🤖 AI Summary
This work addresses the performance degradation in sim-to-real transfer for robotic assembly and the limitations of purely real-world reinforcement learning, which often relies on human supervision and exhibits poor generalization. To overcome these challenges, the authors propose a heterogeneous hybrid policy architecture: a low-level state-based base policy is trained in simulation to serve as a behavioral prior, while a residual policy is learned directly in the real world using visual observations and sparse rewards to compensate for discrepancies in dynamics and perception. This approach requires no human intervention and enables efficient adaptation.

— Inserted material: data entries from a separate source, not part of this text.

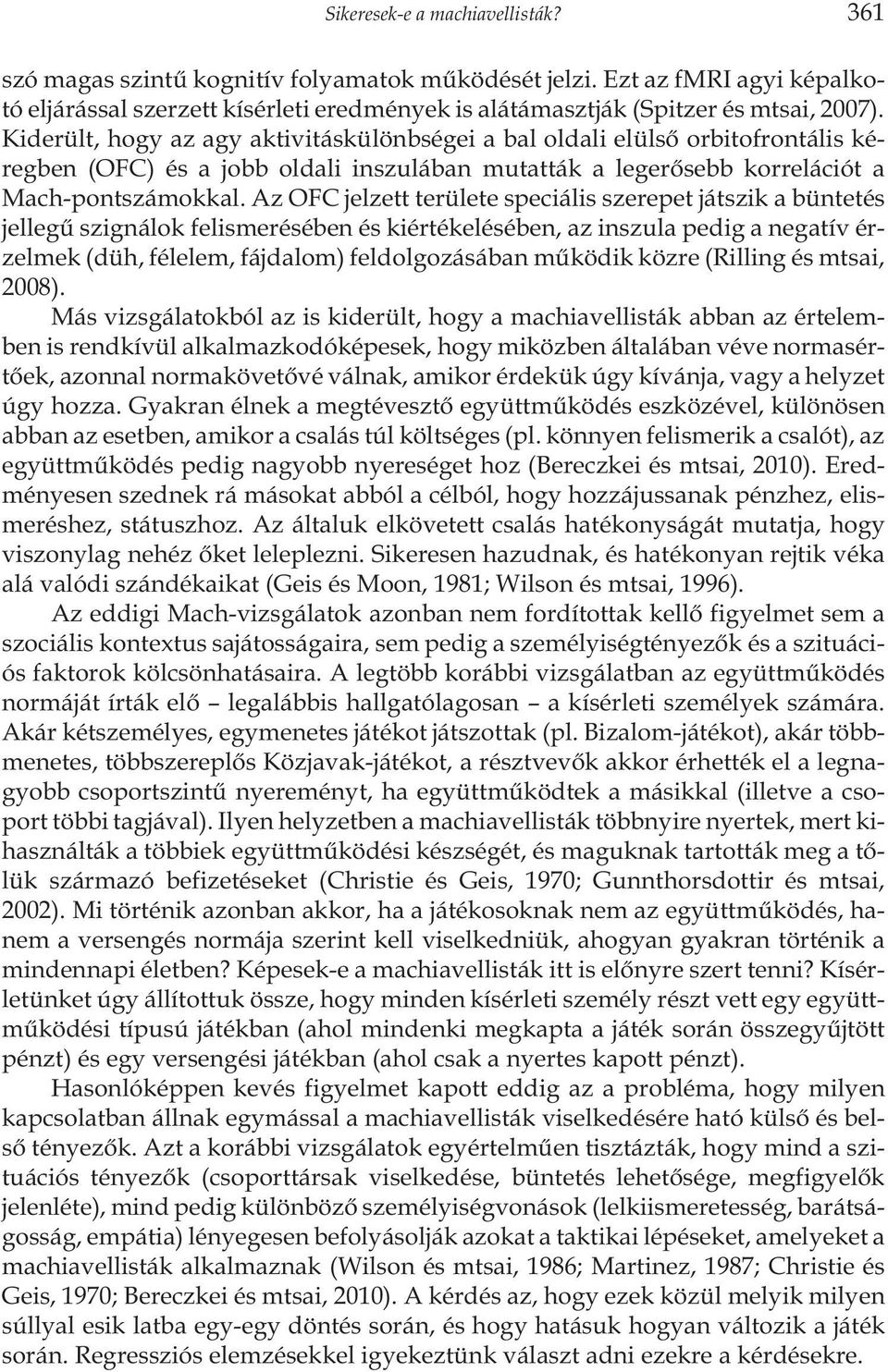 Az OFC jelzett területe speciális szerepet játszik a büntetés jellegû szignálok felismerésében és kiértékelésében, az inszula pedig a negatív érzelmek (düh, félelem, fájdalom) feldolgozásában mûködik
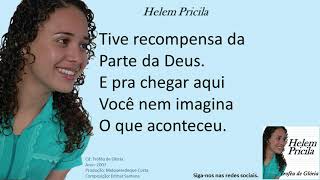 HELEM PRICILA - TROFÉU DE GLORIA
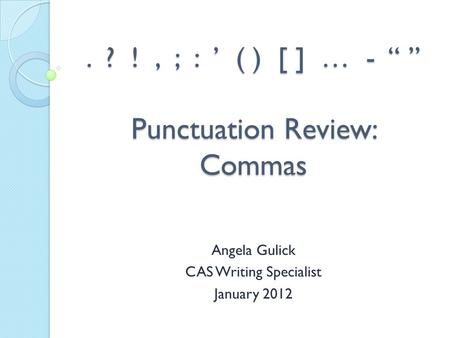 . ? !, ; : ’ ( ) [ ] … - “ ” Punctuation Review: Commas Angela Gulick CAS Writing Specialist January 2012.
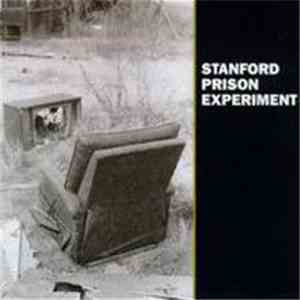 Stanford Prison Experiment - Stanford Prison Experiment mp3 album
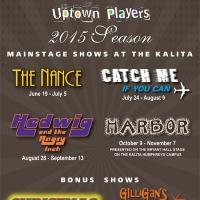 'HEDWIG,' THE NANCE & More Set for Uptown Players' 2015 Season Video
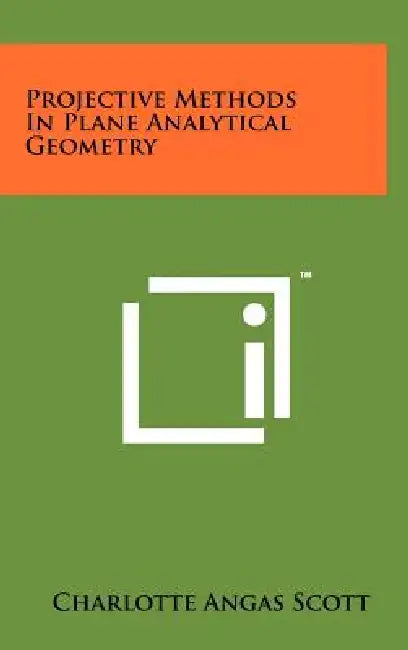 Projective Methods In Plane Analytical Geometry by Charlotte Angas Scott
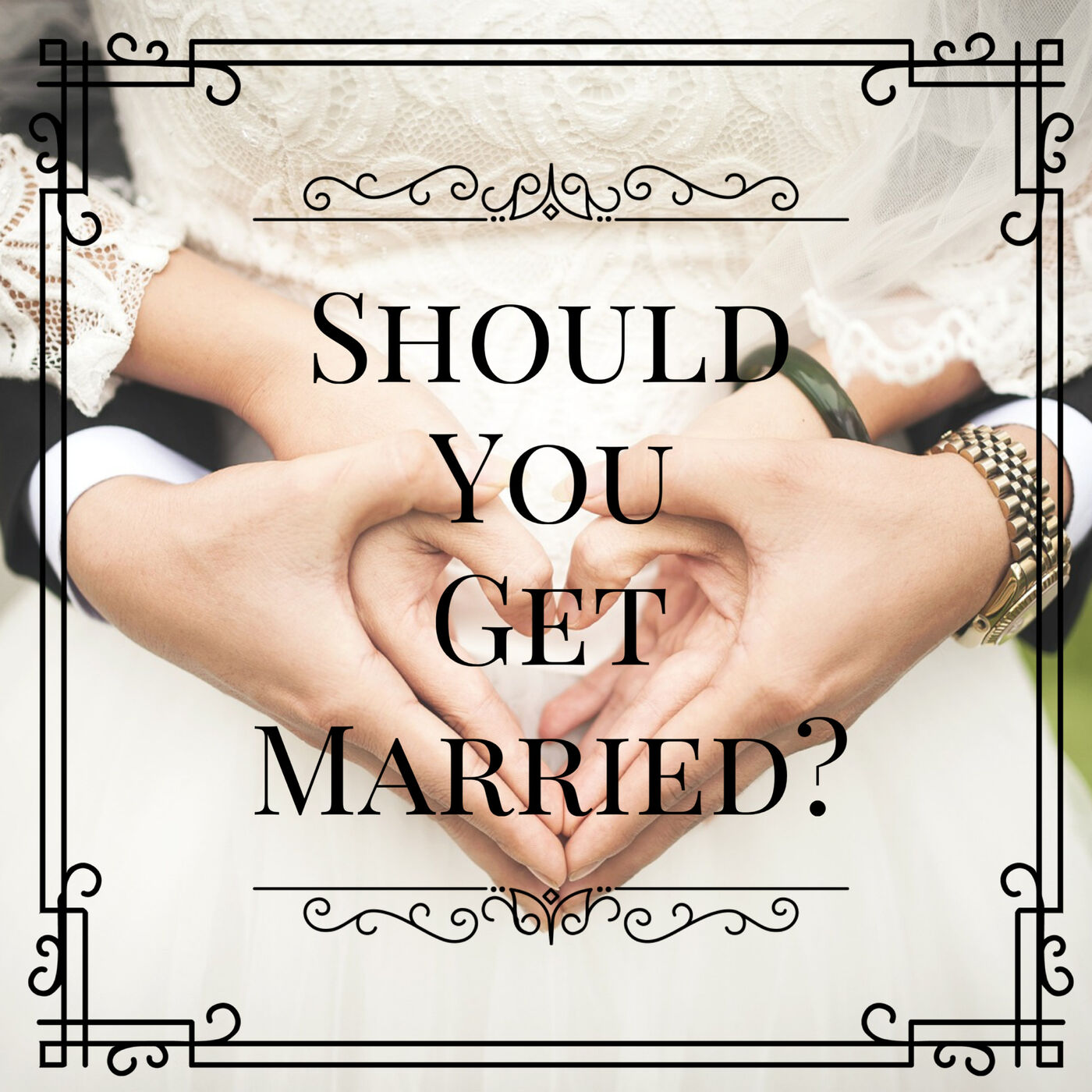 Should You Get Married?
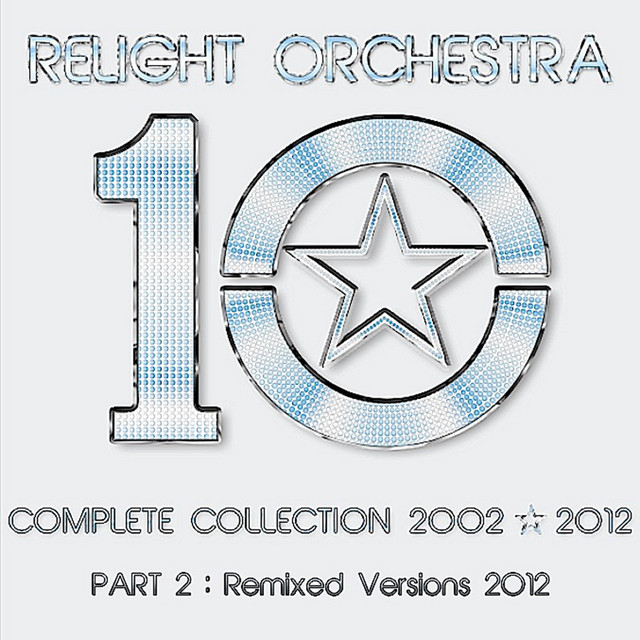 10 - the Complete Collection 2002-2012 Part 2: Remixed Version 2012 ...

Evaluated on multiple two-part assembly tasks, the method achieves near-perfect success rates—improving by 38.4% over existing zero-shot sim-to-real approaches—and reduces cycle time by 29.7%, demonstrating a strong balance among success rate, generalization, and efficiency.
📝 Abstract
Robotic assembly presents a long-standing challenge due to its requirement for precise, contact-rich manipulation. While simulation-based learning has enabled the development of robust assembly policies, their performance often degrades when deployed in real-world settings due to the sim-to-real gap. Conversely, real-world reinforcement learning (RL) methods avoid the sim-to-real gap, but rely heavily on human supervision and lack generalization ability to environmental changes. In this work, we propose a hybrid approach that combines a simulation-trained base policy with a real-world residual policy to efficiently adapt to real-world variations. The base policy, trained in simulation using low-level state observations and dense rewards, provides strong priors for initial behavior. The residual policy, learned in the real world using visual observations and sparse rewards, compensates for discrepancies in dynamics and sensor noise. Extensive real-world experiments demonstrate that our method, SPARR, achieves near-perfect success rates across diverse two-part assembly tasks. Compared to the state-of-the-art zero-shot sim-to-real methods, SPARR improves success rates by 38.4% while reducing cycle time by 29.7%. Moreover, SPARR requires no human expertise, in contrast to the state-of-the-art real-world RL approaches that depend heavily on human supervision.